Après un passage à vide en mi-festival, la Mostra de Venise s’est achevée en laissant la sensation d’avoir gardé le meilleur pour la fin. Déjà récompensé du Lion d’argent il y a deux ans avec son Les Nuits blanches du facteur, Andreï Konchalovsky livre avec Paradise – hommage aux Russes ayant fait part de la résistance française – une œuvre saisissante par sa beauté visuelle et l’exigence de ses questionnements éthiques.
Histoires, dialogues
Paradise suit la trajectoire d’Olga, une aristocrate russe qui finit dans un camp de concentration pour avoir voulu protéger deux enfants juifs. Elle rencontre le long de ce parcours les deux autres protagonistes du film : un collaborateur français censé l’interroger à la préfecture, puis, une fois dans le camp, un officier SS (Helmut, lui aussi aristocrate) rencontré avant la guerre lors de vacances en Toscane, et épris d’elle depuis. Le dispositif du film repose sur la juxtaposition de l’histoire et de segments où les personnages s’entretiennent face caméra, segments dont on devine peu à peu qu’ils ont lieu a posteriori, après la mort respective des protagonistes.
On comprendra sans difficultés, au vu du titre, la nature de l’entretien en question. Mais ce qui fait la force de Paradise n’est pas tant cette parabole (attendue) que la manière dont Konchalovsky interroge incessamment l’éthique de ses protagonistes, en juxtaposant brutalement leurs expériences et leurs narrations. On voit ainsi dans les premières scènes la protagoniste proposer ses services sexuels contre la libération de son ami torturé : tandis que le collaborateur décrit la scène comme la promesse d’une fringale avec une aristocrate, l’intéressée évoque sa peur panique de la torture. À partir de ce premier champ-contrechamp, le ton est donné : de l’entretien à l’histoire, et d’un entretien à l’autre, les versions exposent les positions antithétiques avec lesquelles ces trois personnages font face à leur époque.
L’enfer, c’est les autres
Olga incarne ainsi une altérité totale, qui met à nu les illusions où se réfugient ses bourreaux. Son rapport au langage s’en ressent, tant il exprime la douleur inhérente à l’acte de raconter.
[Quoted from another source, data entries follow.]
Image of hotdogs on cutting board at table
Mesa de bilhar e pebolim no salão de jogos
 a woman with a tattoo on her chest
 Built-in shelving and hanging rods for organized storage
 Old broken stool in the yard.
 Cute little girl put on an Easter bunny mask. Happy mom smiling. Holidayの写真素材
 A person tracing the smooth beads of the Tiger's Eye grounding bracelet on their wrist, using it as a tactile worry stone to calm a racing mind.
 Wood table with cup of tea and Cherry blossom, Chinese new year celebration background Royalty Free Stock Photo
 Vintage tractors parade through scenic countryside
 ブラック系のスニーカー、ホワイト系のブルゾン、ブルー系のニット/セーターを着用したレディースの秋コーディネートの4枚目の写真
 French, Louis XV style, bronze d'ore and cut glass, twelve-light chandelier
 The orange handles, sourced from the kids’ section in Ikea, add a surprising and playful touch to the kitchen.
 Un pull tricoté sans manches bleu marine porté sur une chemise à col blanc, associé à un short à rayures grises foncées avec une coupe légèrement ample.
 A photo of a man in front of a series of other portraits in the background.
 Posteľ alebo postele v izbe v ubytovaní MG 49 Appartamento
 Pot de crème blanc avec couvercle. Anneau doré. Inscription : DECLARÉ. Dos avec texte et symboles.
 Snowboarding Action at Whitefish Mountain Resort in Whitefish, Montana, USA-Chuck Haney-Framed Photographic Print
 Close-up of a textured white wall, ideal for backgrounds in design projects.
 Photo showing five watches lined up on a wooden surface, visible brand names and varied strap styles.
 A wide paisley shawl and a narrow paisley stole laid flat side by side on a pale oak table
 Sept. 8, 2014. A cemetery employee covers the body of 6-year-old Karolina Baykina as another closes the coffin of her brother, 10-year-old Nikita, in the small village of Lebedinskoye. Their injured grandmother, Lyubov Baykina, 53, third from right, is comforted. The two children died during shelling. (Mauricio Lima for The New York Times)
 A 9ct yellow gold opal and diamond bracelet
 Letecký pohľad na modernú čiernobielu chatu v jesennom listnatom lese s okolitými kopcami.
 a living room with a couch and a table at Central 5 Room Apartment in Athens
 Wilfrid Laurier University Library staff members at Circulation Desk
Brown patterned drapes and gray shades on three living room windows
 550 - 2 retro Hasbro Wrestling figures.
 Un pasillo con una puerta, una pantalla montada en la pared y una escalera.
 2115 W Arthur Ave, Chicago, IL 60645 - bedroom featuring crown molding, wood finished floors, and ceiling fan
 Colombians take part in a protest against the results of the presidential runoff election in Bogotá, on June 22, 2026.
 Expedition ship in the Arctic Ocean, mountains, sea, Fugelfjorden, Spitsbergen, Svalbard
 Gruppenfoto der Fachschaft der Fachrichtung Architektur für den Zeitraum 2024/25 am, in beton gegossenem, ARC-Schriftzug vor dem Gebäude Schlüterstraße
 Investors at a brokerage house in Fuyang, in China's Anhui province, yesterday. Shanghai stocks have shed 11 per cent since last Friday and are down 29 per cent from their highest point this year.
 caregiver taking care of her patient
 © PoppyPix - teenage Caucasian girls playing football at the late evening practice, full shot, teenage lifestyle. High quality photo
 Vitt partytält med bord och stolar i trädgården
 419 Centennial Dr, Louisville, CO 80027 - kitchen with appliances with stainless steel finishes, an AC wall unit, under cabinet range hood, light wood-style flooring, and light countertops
Alors que le collaborateur nous parle de sa vie sans histoires, que Helmut décrit son rêve d’un paradis allemand incarné par l’Allemagne, ou, en alternative, par la colonie que son noble ancêtre a fondée au Paraguay, Olga hésite. La seule à être incapable de s’exprimer, elle tâtonne, refuse de répondre, s’effondre au cours de l’entretien, mettant à nu l’enfer indescriptible sur lequel sont bâtis les paradis de ses antagonistes. Alors que Helmut s’extasie après l’avoir retrouvée dans le camp, pensant revivre avec elle son amour de jeunesse, celle-ci s’interroge avec consternation sur l’étendue de ce que l’homme qu’elle a connu jadis « s’est fait à lui-même ». De sorte que si la Shoah reste au centre de son film, Konchalovsky déplace l’enjeu : à travers ces confrontations entre la prisonnière atypique et les deux hommes, son but est de restituer une perspective où l’expérience des bourreaux s’entrechoque avec celle des victimes.
Images, visages
Parallèlement à ce dispositif, le réalisateur interroge l’innocence même des images, à partir du rapport qu’entretiennent les personnages à celles-ci. C’est ainsi qu’au moment où Helmut et son ami consultent les photographies du front prises par ce dernier, le cliché d’un soldat adolescent en larmes troue l’illusion guerrière dans laquelle ils se complaisent. Mais surtout, c’est la valeur de l’image filmique même qui est questionnée, à travers les films de vacances que l’officier nazi projette dans sa chambre. En un sens, la texture du noir et blanc rend compte, presque à elle seule, de ces ambivalences. Elle incarne, avec une légèreté un peu chaplinienne, un passé féerique où l’on se perdrait avec nostalgie (l’officier tient d’ailleurs ses bobines dans une boîte à jouets). Mais en contrepartie du paradis perdu se niche également la violence d’une époque, qui surgit lorsqu’un un officier joufflu déporte les parents d’une vieille servante de Helmut. La maladresse du bourreau, autant que les gestes saccadés de la servante qui remercie d’abord son patron de lui sauver la vie, avant d’apercevoir ses parents monter dans le camion, rend plus patente – parce que radicalement contraire à toute esthétisation – l’horreur de la scène.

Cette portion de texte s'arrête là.